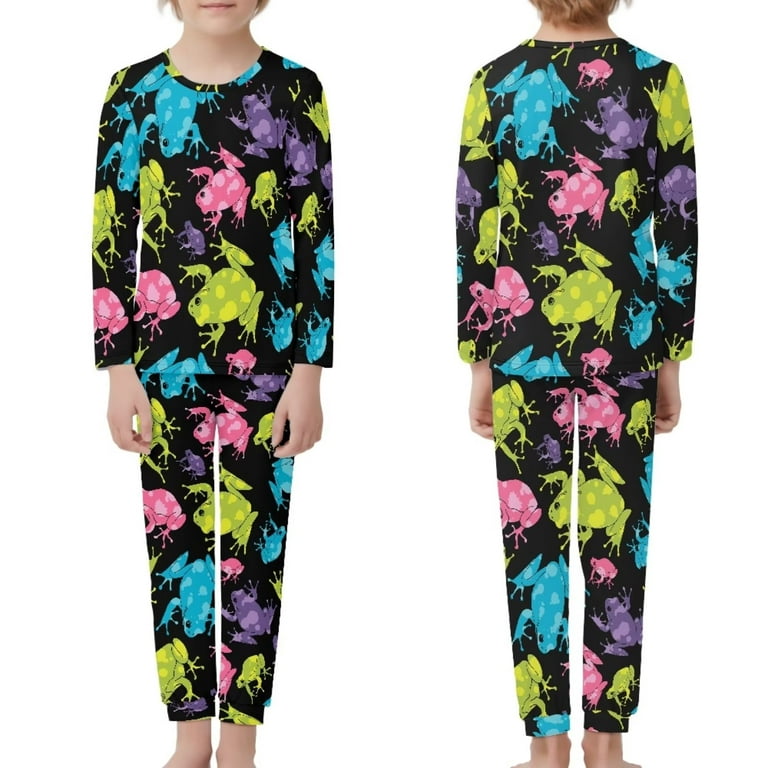 Renewold Boys Girls Nightwear Pajama Set of 2 Colorful Frog Athletic  Clothing Sleepwear for Yoga Vacation Soft Scoop Neck Long Sleeve Loungewear  Size
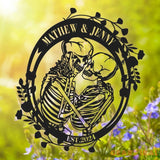 Custom Skeleton Couple Kissing with Roses Metal Wall Led Light - Skull Lover Gift - Gothic Home Decor - Wedding Gift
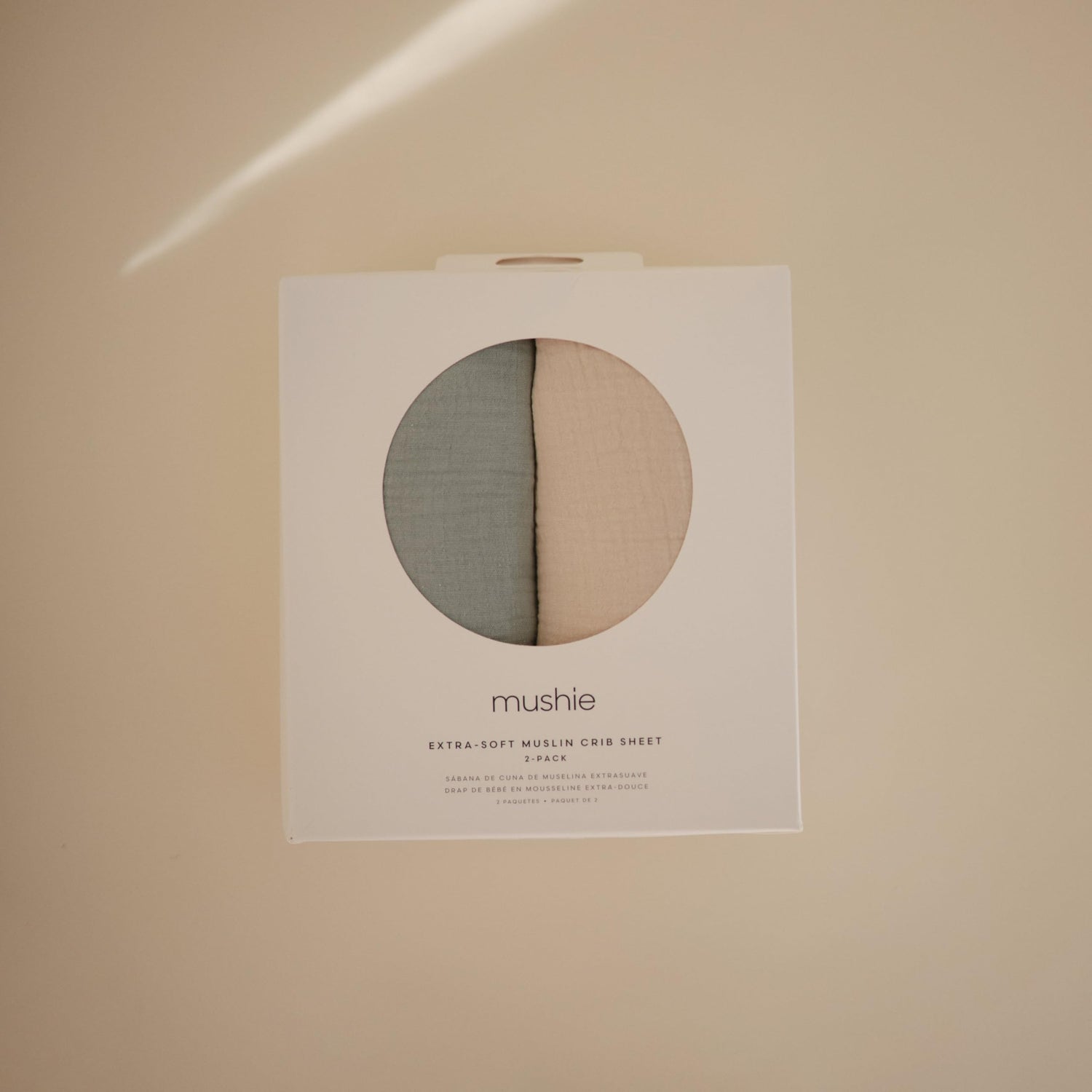 mushie Extra Soft Muslin Fitted Crib Sheet | 192 Thread Count | 28&quot;x 52&quot; (Fog)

───

→ **INSTRUCTIONS FOR THE TASK**: Please repeat everything in the data above except the pictures, exactly as it reads.

→ **ANSWER**:
 Renewold Boys Girls Nightwear Pajama Set of 2 Colorful Frog Athletic  Clothing Sleepwear for Yoga Vacation Soft Scoop Neck Long Sleeve Loungewear  Size
 Custom Skeleton Couple Kissing with Roses Metal Wall Led Light - Skull Lover Gift - Gothic Home Decor - Wedding Gift
 mushie Extra Soft Muslin Fitted Crib Sheet | 192 Thread Count | 28&quot;x 52&quot; (Fog)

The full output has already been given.